Safe, secure storage of spent fuel from the UK fleet of advanced gas-cooled nuclear reactors (AGR) must be assured until a geological disposal facility is operational. The spent fuel assemblies, which are a stainless steel, are stored in water as they require cooling from the heat generated by radioactive decay. The corrosion resistance of certain grain boundaries in their steel may be reduced (https://doi.org/10.1016/j.corsci.2014.04.050, https://doi.org/10.1016/j.matdes.2019.108368) and corrosion damage through the cladding may then allow water to percolate to the fuel. This creates a risk of fission product release. The potential damage depends on the steel chemistry, its thermomechanical processing and the history of the reactor operation.
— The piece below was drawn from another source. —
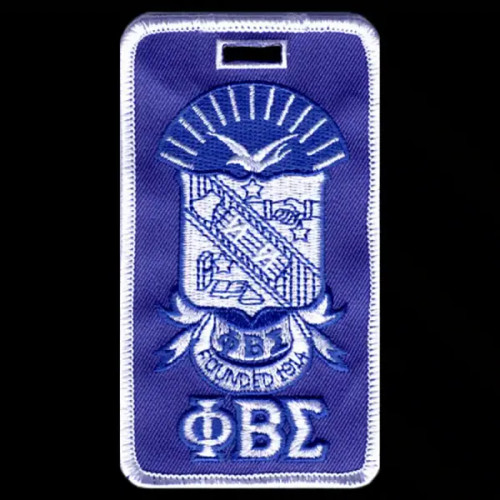 PBS Shield Luggage Tag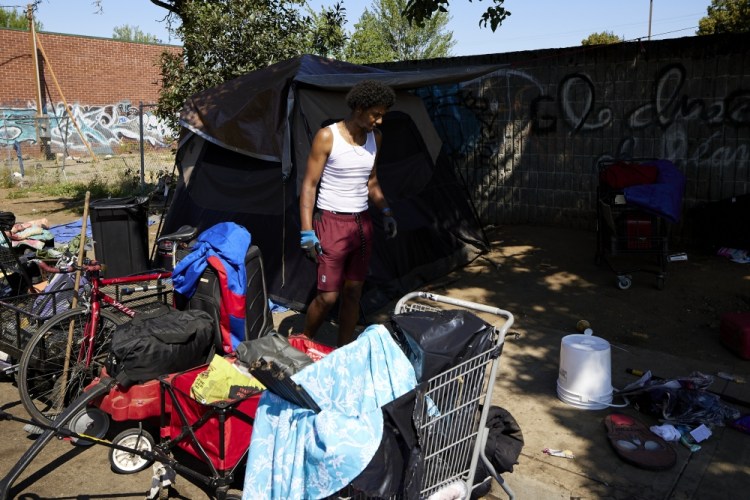 Homelessness Encampment Sweeps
This project will develop a novel experimental method to image, map and quantify in real time how water locally penetrates the crack networks by modification of the “Ca-test” to detect and quantify moisture permeation, which uses the transparency change of a hydrating calcium coating. To understand how corrosion damage affects this, three-dimensional microstructure characterisation at selected sites (X-ray computed tomography and electron microscopy) will be correlated directly with the locally measured water penetration.
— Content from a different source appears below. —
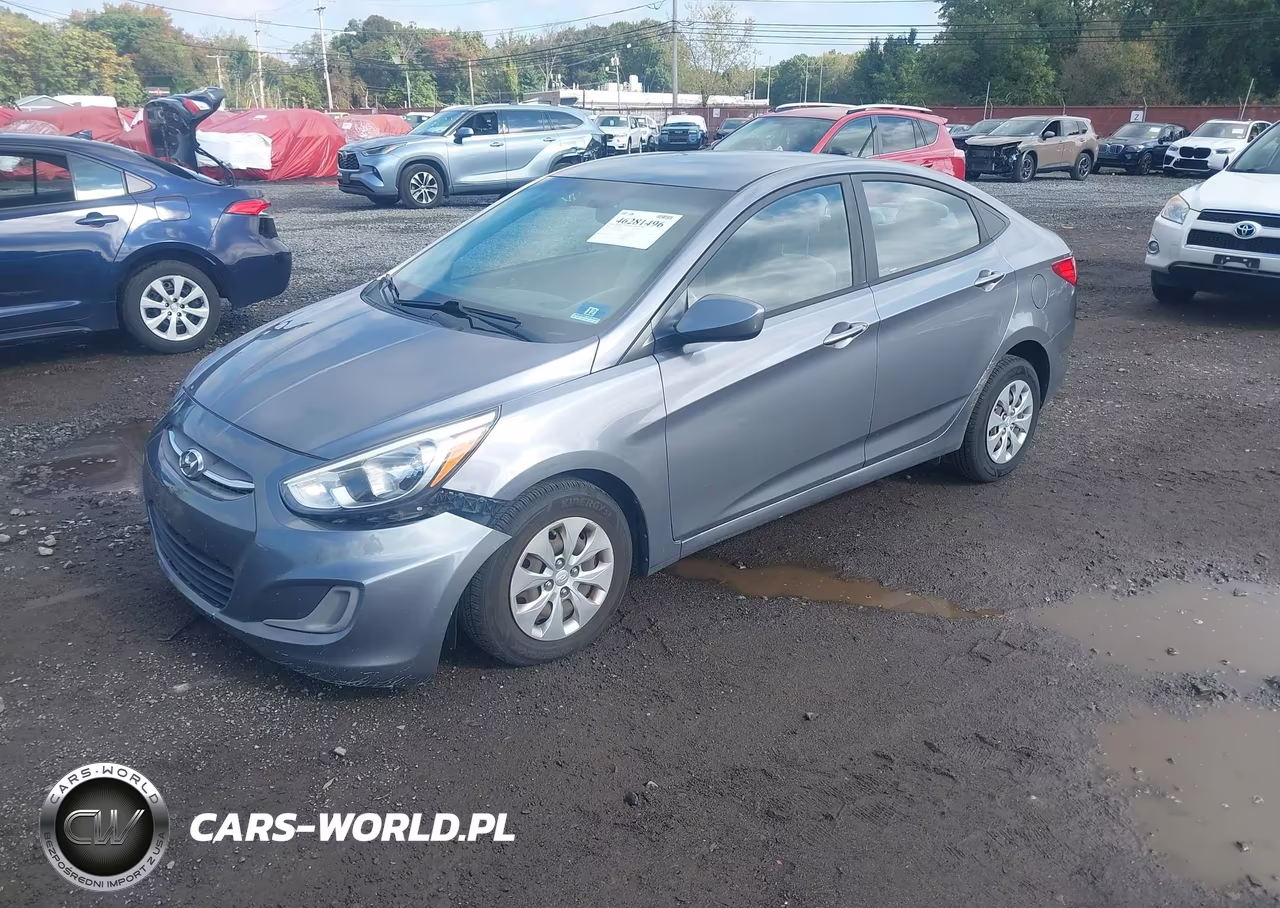 2016 Hyundai Accent Se VIN:KMHCT4AE0GU029146 - 2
Modelling, such as a computationally efficient topological approach (https://doi.org/10.1180/minmag.2012.076.8.12, https://doi.org/10.1016/j.tafmec.2007.08.007), will be applied to simulate the effects of the multi-dimensional connectivity of these networks. Going beyond the limitations of conventional fluid flow models, this aims to enable simulations at large scale of the transport properties of damaged microstructures. Statistical (‘Monte-Carlo’) models may then predict the risk of fission product release through the damage networks that might develop with long term storage.
The project is suitable for graduates with an engineering, mathematical or physical sciences background.